Erika Kokay sublinha que não são apenas os direitos dos homossexuais que estão ameaçados com a gestão dos conservadores na comissão. De acordo com a deputada, as discriminações contra um grupo específico nunca conseguem ficar represadas, e o preconceito que hoje em dia aflora contra os grupos GLBT amanhã se estenderá a outras minorias. “Se você não entende os direitos dos gays e lésbicas, por exemplo, terá dificuldades para entender os direitos de todos aqueles que não estão dentro das noções dominantes. A homofobia rompe a noção de respeito ao outro, a ideia de que quem é faz diferentes opções sexuais ou religiosas tem os mesmos direitos”, afirma. “Por isso, os homofóbicos tendem a ser sexistas, racistas. Existe uma aliança entre fundamentalistas e ruralistas, por exemplo, contra comunidades indígenas ou quilombolas.”

Impasse

Apesar de terem um discurso afinado contra o domínio conservador na Comissão de Direitos Humanos e Minorias da Câmara, os deputados procurados pela Rede Brasil Atual divergem em relação à sua permanência no colegiado dirigido pelo pastor Marco Feliciano. Caso não seja possível retirá-lo da presidência, Jean Wyllys afirma que renunciará a sua cadeira na comissão. “Vou tocar minhas pautas em outros espaços, porque não dá pra ficar dessa maneira”, justifica. “Qualquer discussão que quisermos fazer, seremos barrados. Será uma derrota constante, e as reuniões se transformarão num circo público para ampliar o discurso conservador contrário às minorias. É uma estratégia muito bem pensada. Nenhuma comissão está tão dominada quanto a de direitos humanos.”
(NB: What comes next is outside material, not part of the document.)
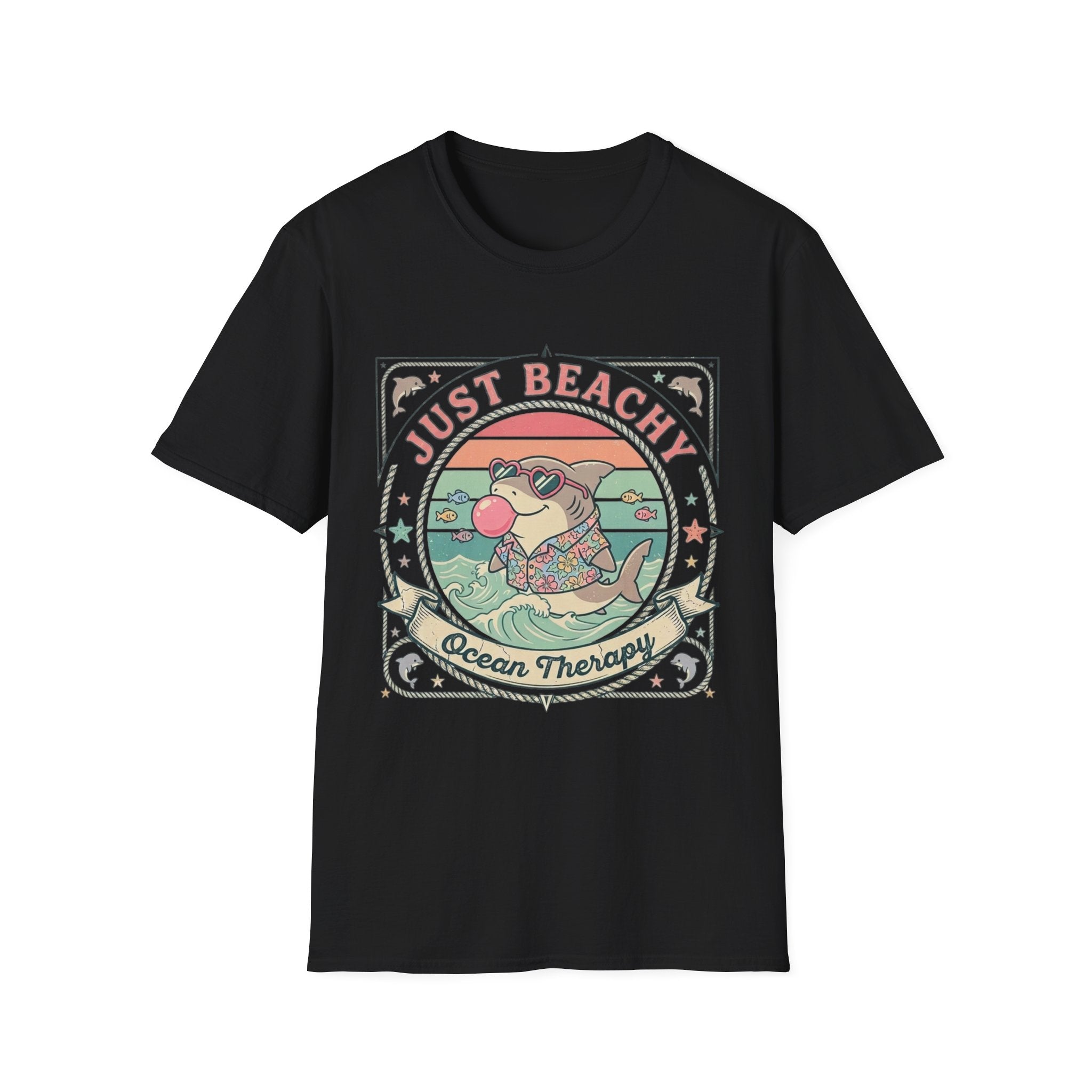 Just Beachy T-Shirt — 'Just Beachy' Vintage Beach Shark Graphic Tee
Por outro lado, Erika Kokay manifesta vontade de seguir atuando no grupo. “Pessoalmente, defendo que a gente fique na comissão mesmo com todas as adversidades, mas quero discutir com os colegas para definir uma posição conjunta.” O deputado Nilmário Miranda (PT-MG) também advoga pela permanência dos parlamentares principalmente para evitar a “desmoralização” do colegiado. Primeiro parlamentar a presidir a comissão, em 1995, e primeiro ministro da Secretaria de Direitos Humanos do governo Lula, Nilmário considerou “um episódio vergonhoso” o processo que resultou na eleição do deputado pastor Marco Feliciano – cujas declarações racistas e homofóbicas, diz, não podem ser consideradas simples opiniões. “São posições traduzidas em prática.”
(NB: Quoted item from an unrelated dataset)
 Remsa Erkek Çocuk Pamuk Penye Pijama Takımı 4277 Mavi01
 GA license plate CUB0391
Também ex-ministro de Direitos Humanos e colunista da Rádio Brasil Atual, Paulo Vannuchi afirma que a ofensiva de parlamentares contrários ao debate histórico promovido dentro da comissão pode resultar na perda de uma sequência de trabalho relevante desenvolvido ao longo das duas últimas décadas. “É lamentável que tenha havido uma falta de interesse de partidos como PT, PCdoB e PSD nessa comissão”, anota. “A verdade é que nunca se permitiu um desastre como aconteceu agora. Espero que haja negociação e que a decisão possa ser revertida.”